Foto: Fellipe Sampaio /SCO/STF |
"O correr da vida embrulha tudo. A vida é assim: esquenta e esfria, aperta e daí afrouxa, sossega e depois desinquieta. O que ela quer da gente é coragem." (Guimarães Rosa).
Lembro do grande escritor mineiro ao ver o ministro da STF, Flávio Dino, literalmente "metendo a mão no vespeiro" ao enfrentar a farra com dinheiro público em que se transformou a liberação de emendas por parte do Congresso Nacional. As decisões de Dino, na sequência, foram mantidas por unanimidade pelo plenário virtual do Supremo.

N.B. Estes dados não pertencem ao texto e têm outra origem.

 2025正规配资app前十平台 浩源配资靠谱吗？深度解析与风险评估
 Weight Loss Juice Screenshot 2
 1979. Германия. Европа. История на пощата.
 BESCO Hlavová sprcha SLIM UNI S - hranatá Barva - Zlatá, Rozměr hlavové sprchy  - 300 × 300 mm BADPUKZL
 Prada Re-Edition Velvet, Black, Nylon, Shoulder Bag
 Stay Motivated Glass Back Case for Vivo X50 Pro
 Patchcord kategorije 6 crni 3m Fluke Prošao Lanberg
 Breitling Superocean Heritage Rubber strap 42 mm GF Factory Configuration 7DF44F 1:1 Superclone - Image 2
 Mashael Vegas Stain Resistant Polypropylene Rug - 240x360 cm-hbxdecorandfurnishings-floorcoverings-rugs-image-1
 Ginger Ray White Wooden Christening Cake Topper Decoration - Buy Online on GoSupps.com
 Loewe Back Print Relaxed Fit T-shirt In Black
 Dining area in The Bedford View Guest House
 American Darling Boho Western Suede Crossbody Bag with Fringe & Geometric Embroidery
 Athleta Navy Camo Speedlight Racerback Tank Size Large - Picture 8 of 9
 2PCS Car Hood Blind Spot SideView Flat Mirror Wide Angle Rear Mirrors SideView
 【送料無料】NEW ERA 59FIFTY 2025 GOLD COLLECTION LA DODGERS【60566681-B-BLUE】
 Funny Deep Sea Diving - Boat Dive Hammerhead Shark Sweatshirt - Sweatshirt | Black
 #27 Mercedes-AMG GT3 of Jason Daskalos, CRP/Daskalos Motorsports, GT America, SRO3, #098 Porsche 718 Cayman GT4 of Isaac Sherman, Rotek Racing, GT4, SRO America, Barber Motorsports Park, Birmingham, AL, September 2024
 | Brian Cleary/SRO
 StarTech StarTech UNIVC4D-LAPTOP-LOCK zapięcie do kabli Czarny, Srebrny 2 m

Só para relembrar, primeiro Dino bloqueou as chamadas "emendas Pix", que caem direto no caixa de prefeituras e estados, sem qualquer transparência e rastreabilidade. Não há instrumentos que permitam aos orgãos de controle e fiscalização, e muitos menos à sociedade, saber qual é a destinação dos recursos, ou seja, o tipo de obra ou serviço público no qual o dinheiro será usado.
Depois, como o Congresso, em vez de sinalizar com alguma medida moralizadora e sintonizada com o interesse público e o respeito às normas constitucionais, resolveu se pintar para a guerra e desengavetar vários projetos e PECs para enfraquecer o Supremo, Dino ampliou a restrição de liberação de emendas, bloqueando também as emendas impositivas - individuais e de comissão - as quais o governo é obrigado a executar até o fim de cada ano, abrindo exceções apenas para casos de calamidade pública ou obras já iniciadas.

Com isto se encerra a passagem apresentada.